Мария Петровна распахнула холодильник, осмотрела сиротливые полупустые полки, привычно выругалась:
— Холера! Шаром покати! Есть сыр и объедки ветчины. Будешь? Сделать бутерброды?
— Спасибо, Марусенька! Ты всегда была очень хлебосольной.
— Откуда знаешь? У тебя не было возможности познакомиться с моей хлебосольностью.
— Я предполагаю, — выкрутился Николай Сергеевич.
Мария Петровна включила газ под чайником, сделала бутерброды, достала из шкафа вазочки с вареньем и конфетницу с двумя несчастными «Каракумами». Посмотрела на них и счастливо улыбнулась. Вчера была полная ваза, Ирочка съела. Разворачивала фантики и трескала конфетки как семечки, будто маленькая девочка.
Николай Сергеевич с легким изумлением наблюдал, как Маруся улыбалась конфетам, не поставила их на стол, а убрала обратно в шкаф, точно большую ценность.
— Рассказывай, как жил. — Маруся присела за стол.
— Хорошо, спасибо! Мама умерла шесть лет и пять месяцев назад.

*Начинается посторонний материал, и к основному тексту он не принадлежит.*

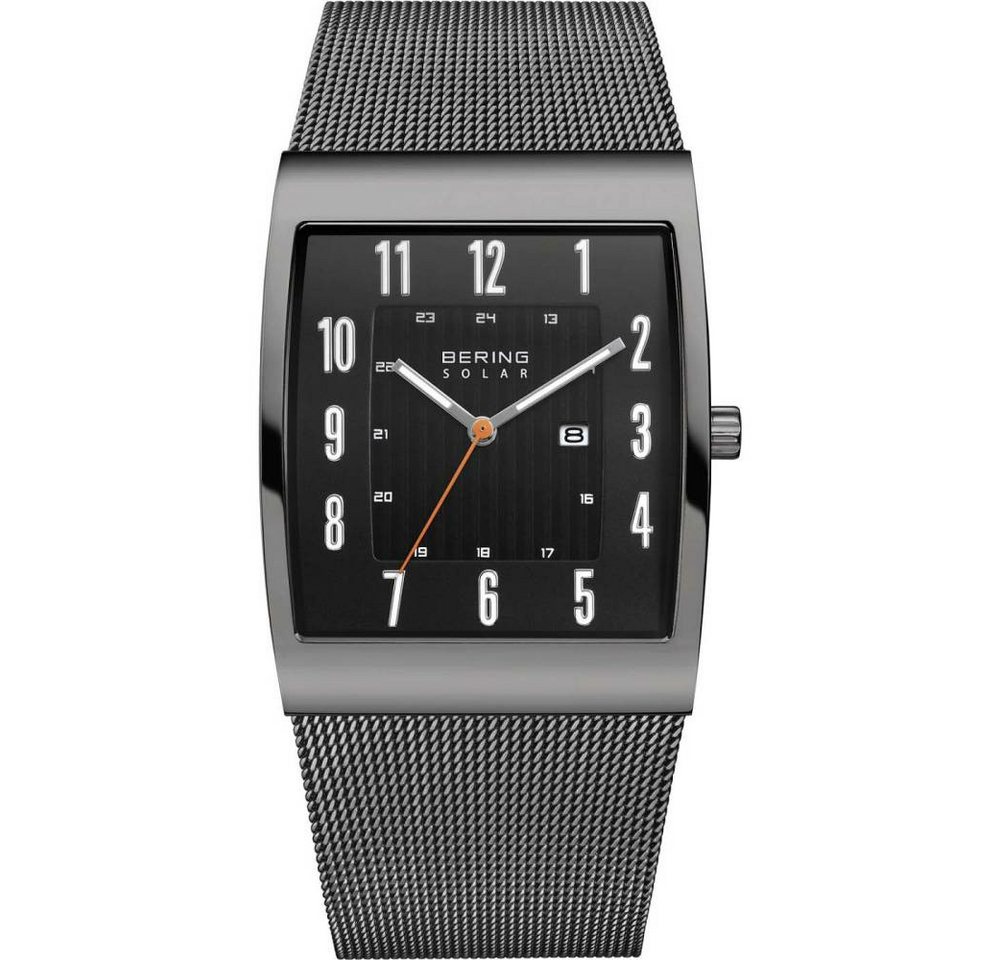 Bering Mechanische Uhr Analoguhren für Damen, (1-tlg., Mechanische Uhr) von Bering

Николай Сергеевич запнулся. Получилось неловко: жил хорошо, и тут же — мама умерла. Но Маруся не заметила неловкости, спросила:
— Так и работал в архиве?
— До пенсии, — подтвердил Николай Сергеевич. — А ты? Кем была?
— Пусковицей.
— Кем-кем?
Вчера Мария Петровна с бухты-барахты, незнакомой докторше (тогда еще чужой девице) распиналась про свою жизнь, а сегодня почти родному человеку рассказывать не хотелось.
— Запускала предприятия, — коротко ответила она.
— Замужем… вышла замуж, кажется?
— Да.
— Счастливо?
— Очень.
— А где сейчас твой супруг?
— На том свете.
— Прости!
— У меня коньяк есть! — Мария Петровна протянула руку и достала с полки бутылку, в которой осталось на два пальца. — Будешь? Мы вчера с Ирочкой… она тебе говорила, что у меня была?
— Ирочка говорила, — быстро ответил Николай Сергеевич. — От нее и адрес твой узнал. Марусенька, я не могу, сердце. А ты, если хочешь, конечно!
— Одна не пью. В моем положении спиться — самое простое.
— Да, я знаю…
Засвистел чайник, Николай Сергеевич облегченно перевел дух — он не знал, как завести разговор с Марусей о болезни, какими словами уговорить ее на операцию.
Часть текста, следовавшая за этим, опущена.